Exercise directions
Please reproduce the lines from the one containing "Factory direct price." through the end of the data below exactly as they stand, and omit all pictures.

Given material
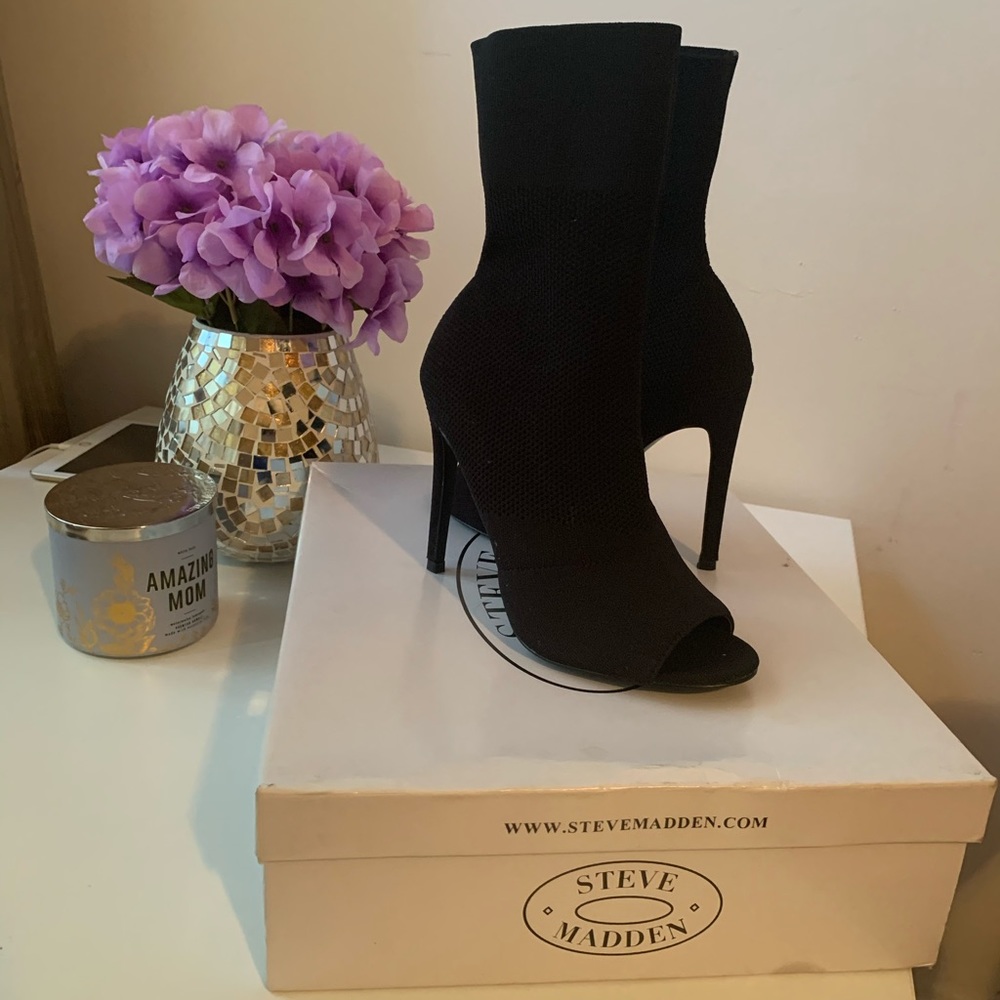 Steve Madden open toes booties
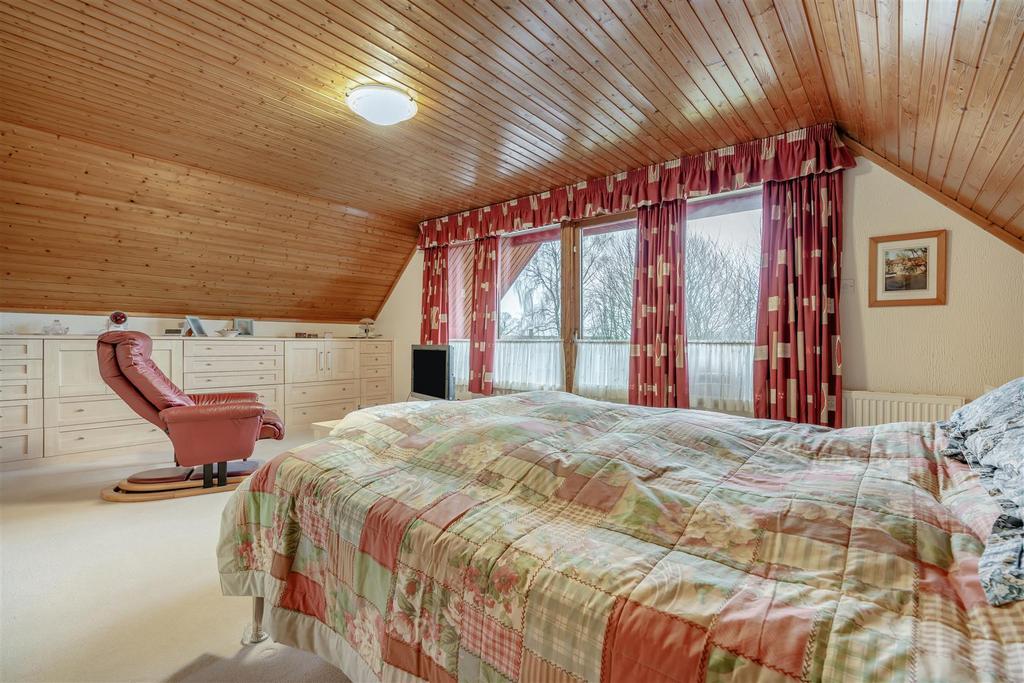 8679027-interior12.jpg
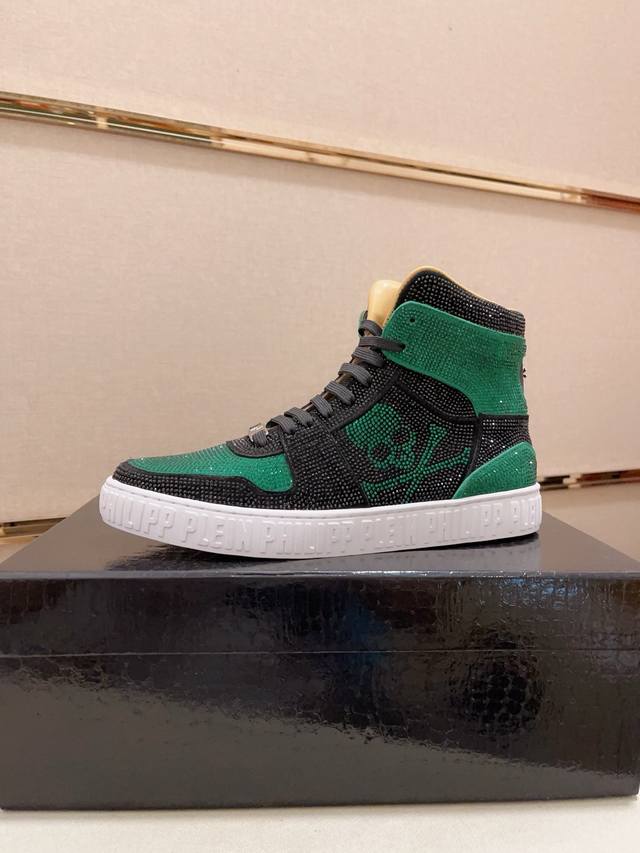 Factory direct price. Top-tier men's item, same as those sold in department sto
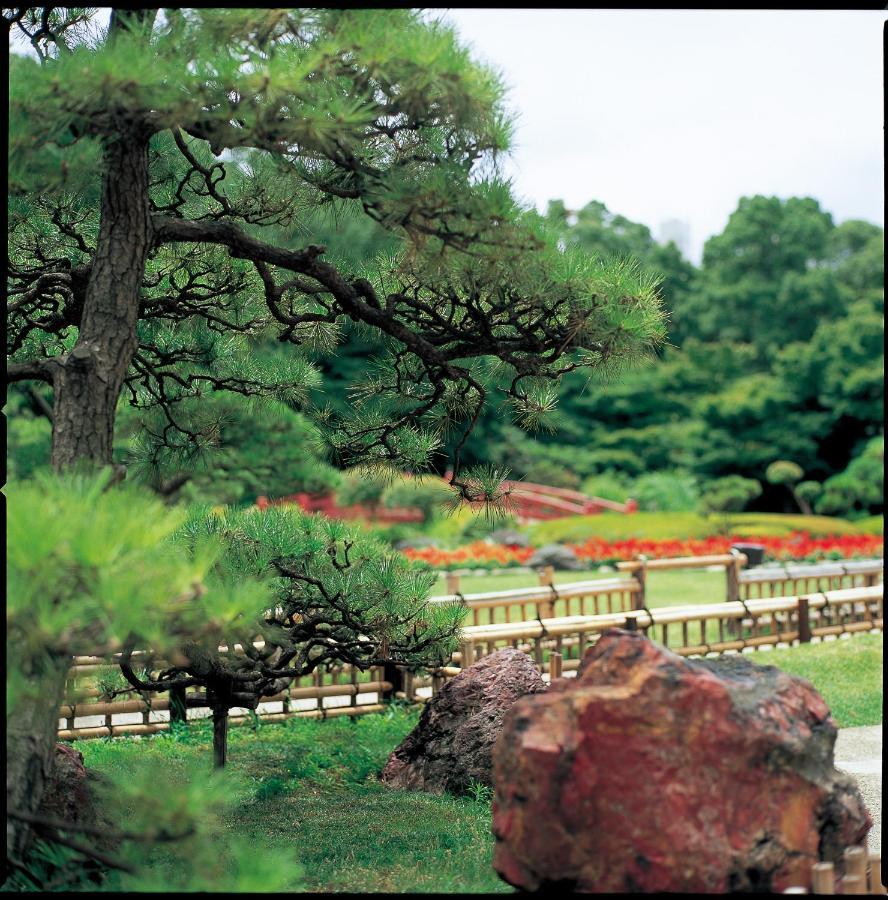 Hotel New Otani Tokyo The Main Exteriör bild The Japanese Garden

Exercise solution
 Factory direct price. Top-tier men's item, same as those sold in department sto
 Hotel New Otani Tokyo The Main Exteriör bild The Japanese Garden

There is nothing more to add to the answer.